───── DATA FOR THIS TASK ─────

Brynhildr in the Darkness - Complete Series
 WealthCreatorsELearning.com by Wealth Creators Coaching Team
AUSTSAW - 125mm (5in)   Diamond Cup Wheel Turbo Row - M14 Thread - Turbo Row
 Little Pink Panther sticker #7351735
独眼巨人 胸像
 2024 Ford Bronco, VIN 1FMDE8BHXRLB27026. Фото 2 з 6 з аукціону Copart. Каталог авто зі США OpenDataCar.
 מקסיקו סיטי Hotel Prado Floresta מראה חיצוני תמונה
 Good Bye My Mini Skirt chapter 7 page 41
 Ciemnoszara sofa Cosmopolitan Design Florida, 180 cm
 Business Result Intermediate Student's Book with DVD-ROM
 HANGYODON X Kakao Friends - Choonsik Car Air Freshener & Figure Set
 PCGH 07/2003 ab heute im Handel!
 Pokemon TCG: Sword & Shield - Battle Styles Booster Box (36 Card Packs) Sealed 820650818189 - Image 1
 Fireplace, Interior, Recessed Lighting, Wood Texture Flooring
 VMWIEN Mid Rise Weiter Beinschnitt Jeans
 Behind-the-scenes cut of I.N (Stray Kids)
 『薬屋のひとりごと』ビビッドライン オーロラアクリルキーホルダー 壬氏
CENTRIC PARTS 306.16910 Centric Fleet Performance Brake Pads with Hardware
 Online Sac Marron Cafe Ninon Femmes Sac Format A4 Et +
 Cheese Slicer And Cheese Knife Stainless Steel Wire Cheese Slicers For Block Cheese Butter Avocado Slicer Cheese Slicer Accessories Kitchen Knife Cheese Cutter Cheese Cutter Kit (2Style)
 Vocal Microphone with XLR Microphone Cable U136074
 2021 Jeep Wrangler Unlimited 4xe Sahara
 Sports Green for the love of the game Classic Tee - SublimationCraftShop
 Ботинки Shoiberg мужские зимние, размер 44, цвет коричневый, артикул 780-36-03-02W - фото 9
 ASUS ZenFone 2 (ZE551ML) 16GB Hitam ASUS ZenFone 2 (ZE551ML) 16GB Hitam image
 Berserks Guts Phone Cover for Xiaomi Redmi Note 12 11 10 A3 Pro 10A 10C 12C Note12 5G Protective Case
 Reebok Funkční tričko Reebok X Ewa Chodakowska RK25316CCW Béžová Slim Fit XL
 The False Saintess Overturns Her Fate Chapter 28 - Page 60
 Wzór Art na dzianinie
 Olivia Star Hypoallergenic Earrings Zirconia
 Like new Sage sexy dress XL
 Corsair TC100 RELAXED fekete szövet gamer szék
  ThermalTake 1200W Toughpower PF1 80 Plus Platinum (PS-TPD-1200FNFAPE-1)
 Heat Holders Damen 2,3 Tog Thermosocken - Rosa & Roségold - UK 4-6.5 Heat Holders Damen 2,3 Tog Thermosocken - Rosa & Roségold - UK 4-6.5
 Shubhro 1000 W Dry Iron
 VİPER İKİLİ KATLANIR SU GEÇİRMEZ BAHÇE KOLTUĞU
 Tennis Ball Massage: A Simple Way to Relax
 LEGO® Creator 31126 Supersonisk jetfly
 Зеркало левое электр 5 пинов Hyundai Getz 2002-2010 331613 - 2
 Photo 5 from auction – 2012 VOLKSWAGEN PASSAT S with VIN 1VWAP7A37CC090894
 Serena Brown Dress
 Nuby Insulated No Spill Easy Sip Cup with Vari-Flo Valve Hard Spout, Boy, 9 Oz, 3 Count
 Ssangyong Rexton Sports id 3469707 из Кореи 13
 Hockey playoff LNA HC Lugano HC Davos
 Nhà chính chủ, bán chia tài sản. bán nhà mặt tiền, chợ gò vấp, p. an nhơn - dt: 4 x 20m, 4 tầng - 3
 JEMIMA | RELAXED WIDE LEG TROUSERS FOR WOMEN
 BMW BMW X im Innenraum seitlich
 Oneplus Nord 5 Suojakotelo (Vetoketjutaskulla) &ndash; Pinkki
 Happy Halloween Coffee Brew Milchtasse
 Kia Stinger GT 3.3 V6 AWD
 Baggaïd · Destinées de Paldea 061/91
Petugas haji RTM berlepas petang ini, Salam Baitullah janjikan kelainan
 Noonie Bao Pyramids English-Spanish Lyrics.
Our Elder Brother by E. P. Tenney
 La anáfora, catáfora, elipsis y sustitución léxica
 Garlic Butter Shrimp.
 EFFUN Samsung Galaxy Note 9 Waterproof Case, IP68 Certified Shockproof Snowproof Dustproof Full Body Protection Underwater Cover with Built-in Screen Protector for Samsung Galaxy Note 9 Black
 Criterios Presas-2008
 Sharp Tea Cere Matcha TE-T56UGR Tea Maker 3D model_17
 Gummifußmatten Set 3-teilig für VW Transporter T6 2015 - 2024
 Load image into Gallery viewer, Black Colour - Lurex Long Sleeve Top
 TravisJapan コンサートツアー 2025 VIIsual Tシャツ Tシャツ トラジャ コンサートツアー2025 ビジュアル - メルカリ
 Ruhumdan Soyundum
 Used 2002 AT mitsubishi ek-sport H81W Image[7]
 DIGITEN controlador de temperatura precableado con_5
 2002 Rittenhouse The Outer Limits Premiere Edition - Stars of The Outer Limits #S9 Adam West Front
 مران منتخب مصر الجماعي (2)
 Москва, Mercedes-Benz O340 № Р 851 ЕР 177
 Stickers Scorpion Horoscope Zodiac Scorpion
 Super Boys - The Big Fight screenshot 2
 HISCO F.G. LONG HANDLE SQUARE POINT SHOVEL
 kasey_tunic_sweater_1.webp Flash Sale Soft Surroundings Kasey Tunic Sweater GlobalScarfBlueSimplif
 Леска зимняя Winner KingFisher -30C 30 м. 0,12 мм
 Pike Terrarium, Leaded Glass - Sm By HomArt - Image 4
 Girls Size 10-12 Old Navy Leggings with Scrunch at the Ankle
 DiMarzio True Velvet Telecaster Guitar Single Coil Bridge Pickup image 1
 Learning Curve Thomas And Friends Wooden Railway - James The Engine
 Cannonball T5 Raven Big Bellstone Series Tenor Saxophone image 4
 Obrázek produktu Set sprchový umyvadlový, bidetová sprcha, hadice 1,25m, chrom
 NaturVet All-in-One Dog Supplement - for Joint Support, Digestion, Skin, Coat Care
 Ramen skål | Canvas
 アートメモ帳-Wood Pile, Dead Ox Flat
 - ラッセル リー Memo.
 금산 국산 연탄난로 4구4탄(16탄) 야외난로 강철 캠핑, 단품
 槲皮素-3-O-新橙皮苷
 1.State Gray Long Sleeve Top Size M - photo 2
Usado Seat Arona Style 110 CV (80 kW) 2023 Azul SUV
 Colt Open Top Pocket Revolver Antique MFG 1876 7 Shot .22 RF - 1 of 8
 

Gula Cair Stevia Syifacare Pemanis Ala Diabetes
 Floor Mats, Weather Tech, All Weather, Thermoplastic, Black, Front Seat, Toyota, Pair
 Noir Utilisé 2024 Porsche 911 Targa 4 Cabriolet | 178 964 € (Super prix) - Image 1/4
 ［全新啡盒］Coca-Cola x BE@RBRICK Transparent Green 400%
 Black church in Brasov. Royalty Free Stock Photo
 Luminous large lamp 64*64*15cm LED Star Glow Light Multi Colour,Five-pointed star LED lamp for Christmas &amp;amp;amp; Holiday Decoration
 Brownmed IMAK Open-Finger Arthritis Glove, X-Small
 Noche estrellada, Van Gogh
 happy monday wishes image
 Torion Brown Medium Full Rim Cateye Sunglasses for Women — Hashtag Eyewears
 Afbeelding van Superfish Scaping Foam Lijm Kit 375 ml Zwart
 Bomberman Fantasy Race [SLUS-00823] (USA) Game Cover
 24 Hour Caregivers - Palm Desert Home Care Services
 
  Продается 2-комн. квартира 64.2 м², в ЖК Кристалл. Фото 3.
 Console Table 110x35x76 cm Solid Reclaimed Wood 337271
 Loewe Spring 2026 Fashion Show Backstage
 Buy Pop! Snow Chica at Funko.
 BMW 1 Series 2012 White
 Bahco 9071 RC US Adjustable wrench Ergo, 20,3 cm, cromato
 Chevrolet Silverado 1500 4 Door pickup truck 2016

─────

* PROMPT
Print, from the entries above, the line with "Colt Open Top", the line with "Floor Mats, Weather" and all lines between them, exactly and with nothing else.

* TASK RESULT
 Colt Open Top Pocket Revolver Antique MFG 1876 7 Shot .22 RF - 1 of 8
 

Gula Cair Stevia Syifacare Pemanis Ala Diabetes
 Floor Mats, Weather Tech, All Weather, Thermoplastic, Black, Front Seat, Toyota, Pair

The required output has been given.